Выступая в прениях, многосемейная колхозница Анна Буйнова сказала:
– В докладе Кузьмич ничего не сказал, как колхоз помогал фронту. Считаю большим это упущением с его стороны. Пусть скажет в заключительном, обязательно. А я вношу предложение последовать примеру метеесовских рабочих и треть хлеба с трудодней внести в фонд обороны.
Колхозники дружно и одобрительно встретили это предложение. Герасимова от стыда бросило в жар, тоскливо засосало под ложечкой. И с тех пор он ходил сам не свой. Выходило, что он, председатель, плохо знал колхозников, что он не верил в них.
К тому же мучило и дело с Настей Скрипкой.
Ревизионная комиссия установила, что Настя показывала надой молока меньше, чем он был на самом деле. Значит, он, Герасимов, не сумел во-время заметить это, дал Насте возможность наживаться за счет колхоза.
Это было тем более досадно, что и раньше за Настей держалась худая слава; она была жадна до чужого добра… Ведь говорил ему об этом счетовод, а он слепо доверился Насте. Значит, виноват, значит, плохой он руководитель.
Измученный этими думами, Герасимов решил поговорить с Усачевым. Его он нашел в мастерской, рядом с Сашкой, под трактором.
– Товарищ Усачев, я до вас…
Усачев вылез из-под машины. Он, как и говорил Федору, был самым аккуратным слушателем кружка техминимума. Свободные часы он использовал для того, чтобы «пощупать каждую деталь своими руками». Герасимов застал его в тот момент, когда Сашка объяснял, как нужно подтягивать коренные подшипники.

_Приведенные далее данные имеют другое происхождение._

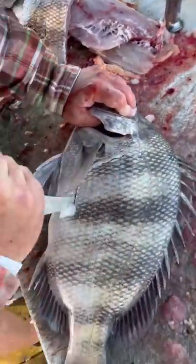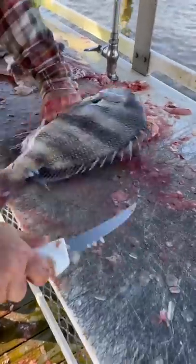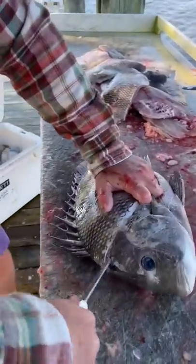Go right behind the pectoral fin, like any other fish, all the way down to the tail. Stick your knife through, flip the fish around, go to the head.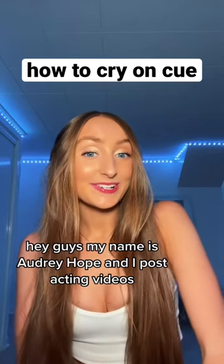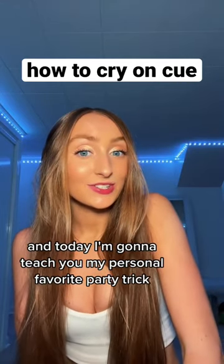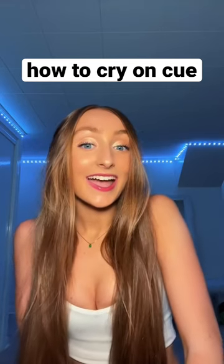Hi guys, my name is Audrey Hope and I post acting videos. Today I'm going to teach you my personal favorite party trick: how to cry on cue.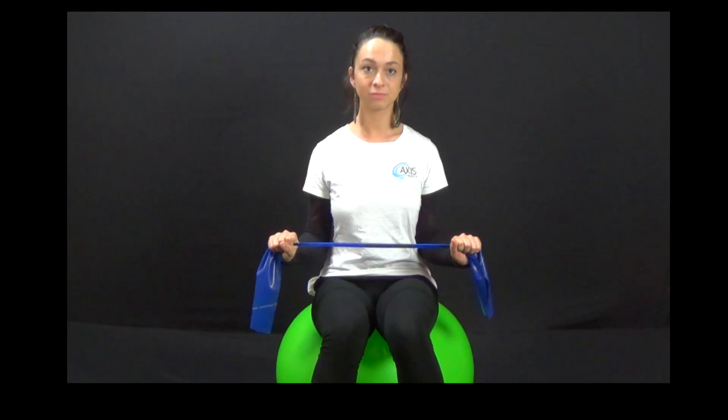Start by sitting on a ball or a chair, grabbing the band with arms bent to 90 degrees, palms facing down. Slowly rotate back out and in.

Усачев старательно вытер руки тряпкой и взглянул на опечаленное лицо председателя колхоза:
– Ты что хотел?
– Поговорить бы надо… по личному делу.
– По личному? Хорошо. Одну минуту.
После полумрака мастерской яркий солнечный день ослепил их. В воздухе разливалась золотистая дымка. Снег почернел. С крыш свешивались длинные сосульки. Влажный и теплый ветер ласкал лица.
– Весна, пожалуй, не за горами, Петр Кузьмич?
– До весны далеко, до пашни, то есть… А так – не за горами, – отозвался Герасимов, раздумывая, как лучше сказать Усачеву, чтобы тот понял его, помог ему разобраться в своих переживаниях.
– Может, товарищ Усачев, тебе покажется глупым мой разговор, не взыщи, а только сердцем я измучился.
Герасимов долго рассказывал Усачеву о своих мыслях. Он не стеснялся в крепких выражениях по своему адресу. Усачев думал: «Что он: хочет создать впечатление душевно чистого человека или на самом деле такой?» Герасимов же все более и более волновался, щеки его покраснели, бороденка нервно вздрагивала.
– Мы тебя, Петр Кузьмич, знаем, как добросовестного человека, честного работягу, – сказал Усачев. – Ты держишь в трудное военное время хозяйство колхоза – этого у тебя никто не отнимает. Но если будешь так работать и дальше – можешь попасть снова впросак. Ты знал, что Настя нечиста на руку, но не контролировал ее.
Усачев помолчал, потом затоварил опять:
– Поближе к народу надо быть, Петр Кузьмич, и дело пойдет. А ты не балуешь колхозников вниманием, не любишь совета у них спросить… А нас этому партия учит. Сила нашей партии в том и состоит, что она опирается на народ, знает мысли и чаяния народа… Заходи в партбюро почаще, в чем будет затруднение – поможем. Хорошо, конечно, сделал, что сам пришел.
– Куда же мне идти, – сказал Герасимов. – Больше идти некуда.
Герасимов ушел от Усачева в глубокой задумчивости. Впервые за всю работу председателем он со стороны взглянул на себя и убедился в правдивости слов Усачева. Надо переделывать себя, надо. Но в то же время с него как будто свалился тяжелый, гнетущий душу камень.
ГЛАВА ШЕСТНАДЦАТАЯ
Несмотря на то, что Гаврила Федорович за долгие годы работы привык выступать перед слушателями, все-таки чувство волнения охватило его, когда председатель собрания Засядько предоставил ему слово. Он почувствовал на себе десятки пар пытливых глаз. Душевное равновесие оставило его. Он долго разбирал конспект информации и никак не мог найти, с чего нужно начинать.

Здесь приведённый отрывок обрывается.